Recovery Sequence After a Major Failure

# Concept: structured recovery after a multi-component failure
# Order matters. Starting application services before storage is recovered
# causes secondary failures.

# Step 1: Storage layer
# Wait for PostgreSQL crash recovery to complete
pg_isready -h localhost -p 5432
# Returns 0 when PostgreSQL has finished WAL replay and accepts connections.

# Step 2: Message layer
# Check Kafka cluster health
kafka-metadata.sh --snapshot /var/kafka-logs/__cluster_metadata-0/00000000000000000000.log \
    --cluster-id $(kafka-storage.sh info -c /etc/kafka/server.properties | grep 'Cluster ID' | awk '{print $3}')

# Check for under-replicated partitions
kafka-topics.sh --describe --under-replicated-partitions --bootstrap-server localhost:9092
# If any: wait for ISR to re-form before starting consumers.

# Step 3: Application services (in dependency order)
# Start services that have no downstream dependencies first.
systemctl start package-service        # Depends on: PostgreSQL, Kafka
systemctl start notification-service   # Depends on: Kafka
systemctl start route-optimizer        # Depends on: package-service
systemctl start dispatch-service       # Depends on: route-optimizer

# Step 4: Derived stores
# Redis cache: flush and warm
redis-cli FLUSHDB
# Let application requests populate the cache organically,
# or run a cache-warming script:
# java -jar cache-warmer.jar --source postgresql --target redis

# Step 5: Verify data integrity

Post-Incident Data Integrity Checks

-- Concept: checking for data inconsistencies after recovery

-- 1. Check for gaps in event sequence
WITH event_gaps AS (
    SELECT
        package_id,
        event_sequence,
        LAG(event_sequence) OVER (PARTITION BY package_id ORDER BY event_sequence) AS prev_seq,
        event_sequence - LAG(event_sequence) OVER (PARTITION BY package_id ORDER BY event_sequence) AS gap
    FROM package_events
    WHERE created_at > now() - interval '24 hours'
)
SELECT package_id, prev_seq, event_sequence, gap
FROM event_gaps
WHERE gap > 1
ORDER BY gap DESC;

-- 2. Check for duplicate events (idempotency key violations)
SELECT idempotency_key, COUNT(*) as occurrences
FROM package_events
WHERE created_at > now() - interval '24 hours'
GROUP BY idempotency_key
HAVING COUNT(*) > 1;

-- 3. Compare Kafka consumer offsets with expected message counts
-- If committed offset < topic high watermark, events may not have been processed.
# Check Kafka consumer lag (events not yet processed)
kafka-consumer-groups.sh --describe --group package-processor \
    --bootstrap-server localhost:9092

# TOPIC           PARTITION  CURRENT-OFFSET  LOG-END-OFFSET  LAG
# package-events  0          14523           14523           0
# package-events  1          12891           13402           511
# package-events  2          15102           15102           0

# Partition 1 has 511 unprocessed events.
# These are events that arrived during the outage and need to be consumed.
# The consumer will process them automatically when it resumes.

The Decision Rule

Every inter-service call needs a circuit breaker. The default configuration: 50% failure rate threshold, 30-second open duration, 2-second slow call threshold. Tune from there based on observed latency distributions.

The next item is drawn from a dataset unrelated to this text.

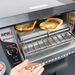APW Wyott AT Express conveyor toaster, close-up of a hand pulling out the front tray of finished toast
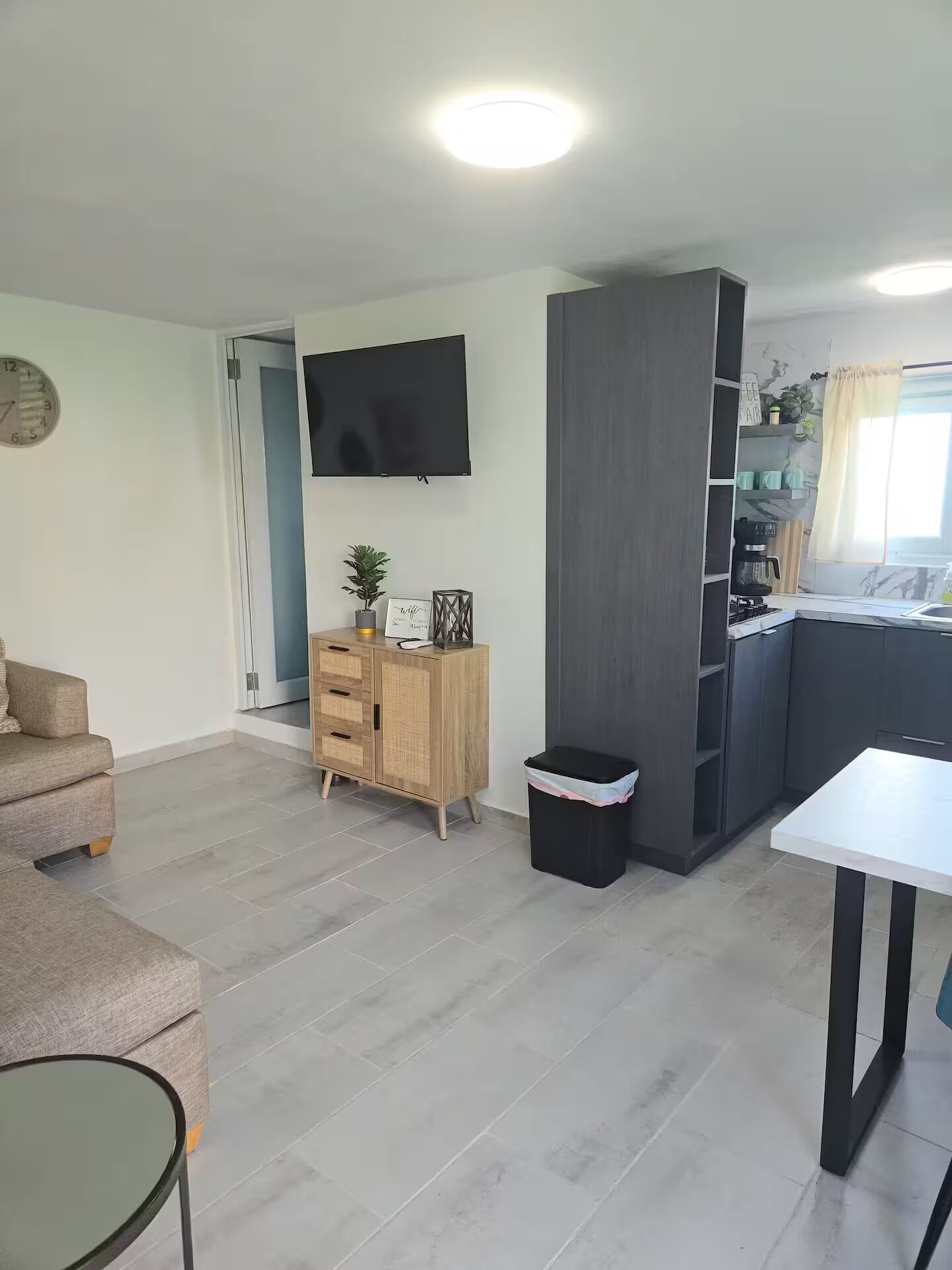 A modern living room with a sofa, a small table, a TV, and a wooden cabinet.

Every service needs bulkheads around downstream dependencies. Use separate thread pools, connection pools, or rate limiters for each downstream service. The pool size for each downstream should be calculated from the downstream’s capacity: pool_size = target_throughput x downstream_latency_p99.

Set retry budgets, not retry counts. Instead of “retry 3 times,” use “retry for up to 5 seconds total.” This prevents retries from multiplying the load during a slow downstream failure.

Recovery sequence is fixed: storage, messaging, application (in dependency order), derived stores. Write the sequence in a runbook. Test it quarterly. A recovery plan that has never been executed is not a plan. It is a hypothesis.

After every major incident, run the data integrity checks. Compare Kafka consumer offsets with topic high watermarks. Check for event gaps and duplicates. Cross-reference the PostgreSQL WAL LSN with the expected state. The recovery is not complete until the data is verified.